2. Mining operating systems like HiveOS allow per-GPU power limit enforcement via nvidia-smi or amdconfig, enabling precise wattage capping to keep each PSU within 85% of its rated capacity.

3. Risers with integrated 6+2 pin splitters introduce additional resistance points—each splitter must be rated for continuous 30A operation and thermally isolated from adjacent risers.

4. Dual-PSU rigs frequently trigger BIOS-level PCIe ASPM (Active State Power Management) timeouts; disabling ASPM in UEFI prevents GPU enumeration loss during extended hash sessions.

5. Thermal monitoring must include PSU intake and exhaust temperatures—not just GPU junction temps—as airflow disruption at PSU grilles causes internal MOSFET throttling and sudden +12V collapse.

BIOS and Firmware Considerations

1. Motherboard firmware versions older than 2022.08 often misreport PCIe link widths when secondary PSUs supply power to expansion slots, leading to undetected x1 lane negotiation.

2. Some ASRock H110 Pro BTC and Biostar TB250-BTC models require manual override of “PCIe Slot Power Control” in advanced chipset settings to enable full 75W delivery per slot.

3. Secure Boot must remain disabled; its cryptographic signature verification interferes with low-level PCIe power state transitions used by dual-PSU initialization sequences.

4. Fast Boot options interfere with PSU handshake timing—disabling Fast Boot ensures proper enumeration of all PCIe devices before the OS kernel loads drivers.

5. Legacy USB keyboard support must be enabled in BIOS to permit manual reset triggering if the master PSU fails to assert PS_ON to the slave during cold boot cycles.

Frequently Asked Questions

Q: Can I use two different brands or wattages of PSUs in a dual setup?Yes, provided both units deliver stable +12V within ±0.15V under identical load conditions and share compatible ATX 2.31+ signaling protocols.

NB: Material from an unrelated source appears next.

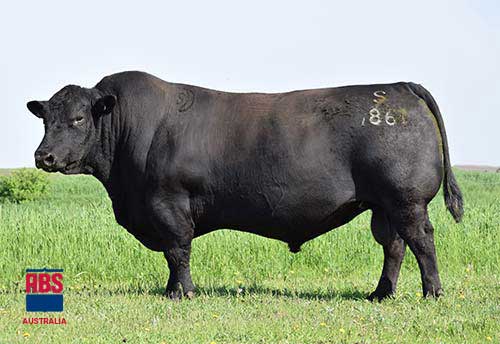 S-Right-Time-7861-June-2022-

Mismatched fan curves or proprietary standby logic may cause asynchronous shutdowns.

Q: Do I need special cables beyond the Power Link wire?Yes. You require dual 6+2 pin PCIe extension cables rated for 300W continuous draw, plus ATX 24-pin female-to-female bridging adapters to safely route power without cutting factory harnesses.

Q: Why does my rig crash when launching T-Rex miner but runs fine with NBMiner?T-Rex aggressively increases GPU core clocks and memory timings during initialization, creating instantaneous +12V demand spikes that expose weak coupling between PSUs. NBMiner applies gradual ramp-up, masking underlying power synchronization flaws.

Q: Is it safe to splice the 5VSB lines between PSUs?No. Splicing standby voltage lines risks uncontrolled current backfeed, which can destroy the slave PSU’s standby regulator IC and corrupt CMOS memory. Only PS_ON and ground should be linked.